Despite falling out of touch with the guys, Wilkerson still catches himself thinking about that '96 Super Bowl team. He said that although he started the last game of the year and throughout the playoffs, that wasn't necessarily planned when he arrived in Green Bay.

"Basically I was brought in there to be an insurance policy," Wilkerson recalled. "Ruettgers was hurt when I came in and they had John Michels and Gary Brown and they wanted to see them play. At one point, a friend of mine (defensive end Sean Jones) supposedly told Coach Holmgren that we had a guy over on the sideline that happened to be a better man for the job. They had those two guys, but they gave me a try and everything worked out."

This was a far cry from where Wilkerson initially was as a Packer, but he came to the team's rescue by not allowing a sack in the team's first two postseason games. When his number was called, Wilkerson's skills were still sharp in part because of Reggie White.

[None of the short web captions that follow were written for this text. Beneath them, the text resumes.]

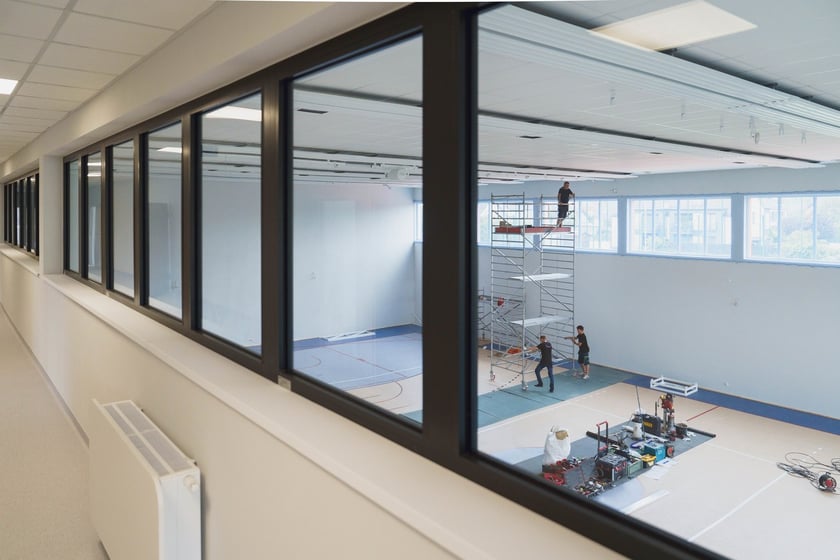 Przyjazny Zespół Szkolno-Przedszkolny na Maślicach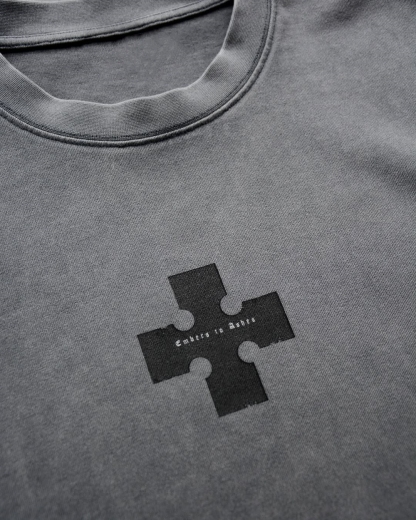 "EMBERS TO ASHES" TEE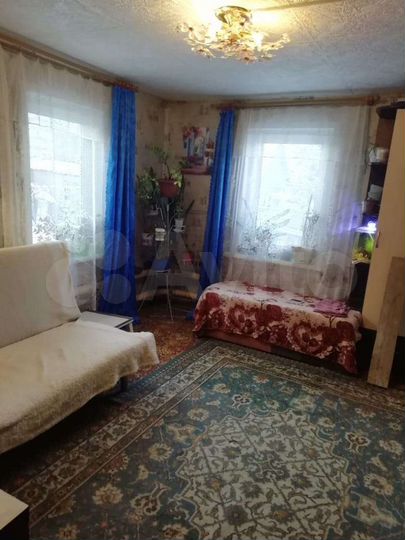 Дом 61 м² на участке 10 сот.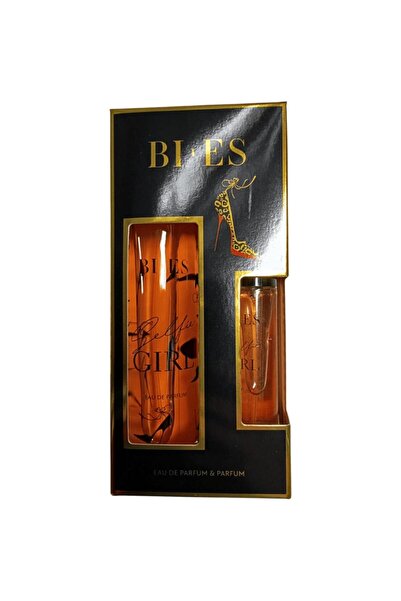 Bİ ES POL Selfie Girl Women's Gift Box, Eau de Parfum 100 ml, Perfume 15 ml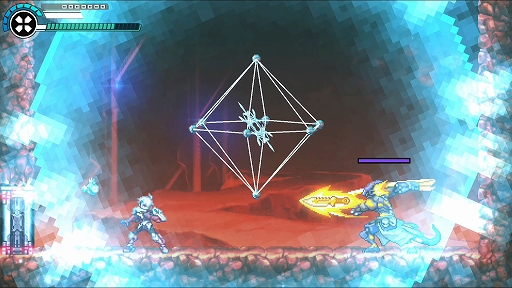 画像ギャラリー No.016のサムネイル画像 / 「白き鋼鉄のX2」のゲームシステム詳細情報と主題歌MVのメイキングビデオが公開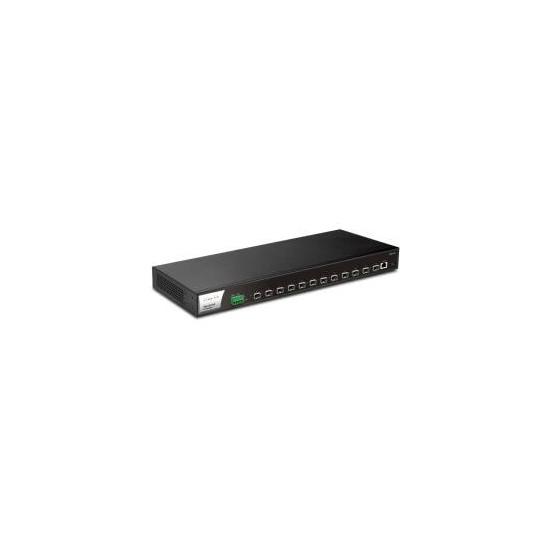 Switch L2+ 12 ports Giga SFP+ 10Gb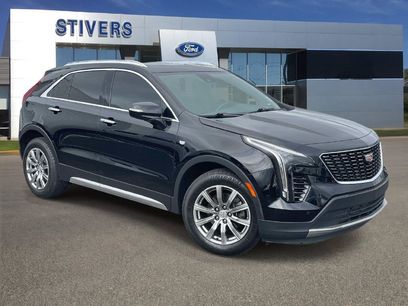 Used 2019 Cadillac XT4 Premium Luxury w/ Technology Package
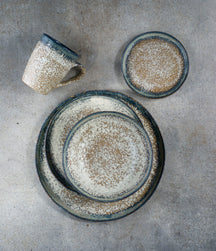 Cosy & Trendy Gebaksbordjes Begona ø 14.5 cm - 6 Stuks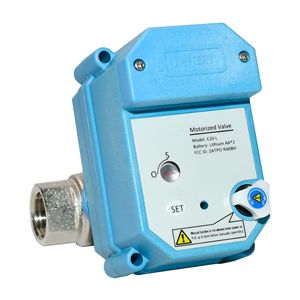 Vanne intelligente Tonhe 1/2 pouce DC 12V à commande sans fil pour eau et air - Product Image 2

After all, he was facing White every day in practice, something that reminded him of his college days at the University of Tennessee when they were teammates.

"Reggie was in his younger days when we were in college, and I cut my teeth against Reggie," Wilkerson said. "Going against Reggie and Mike Cofer was one of those things that enabled me to play on Sunday. To come to Green Bay and play against him, he was an older guy, I was an older guy, it would be kind of funny because if we got going against each other, Mike Holmgren would call us pumped up Tennessee boys.

"And you know, I hate to lose. But going against Reggie, you're going to lose quite a bit. But it would just elevate the tempo of practice. It was fun. I just considered it a learning experience. If you can go against one of the best guys in the NFL every day in practice and do a decent job, that would make the games easier."

That sounds fitting, especially since Wilkerson's decision to sign with Green Bay in '96 made life easier for the Packers, too.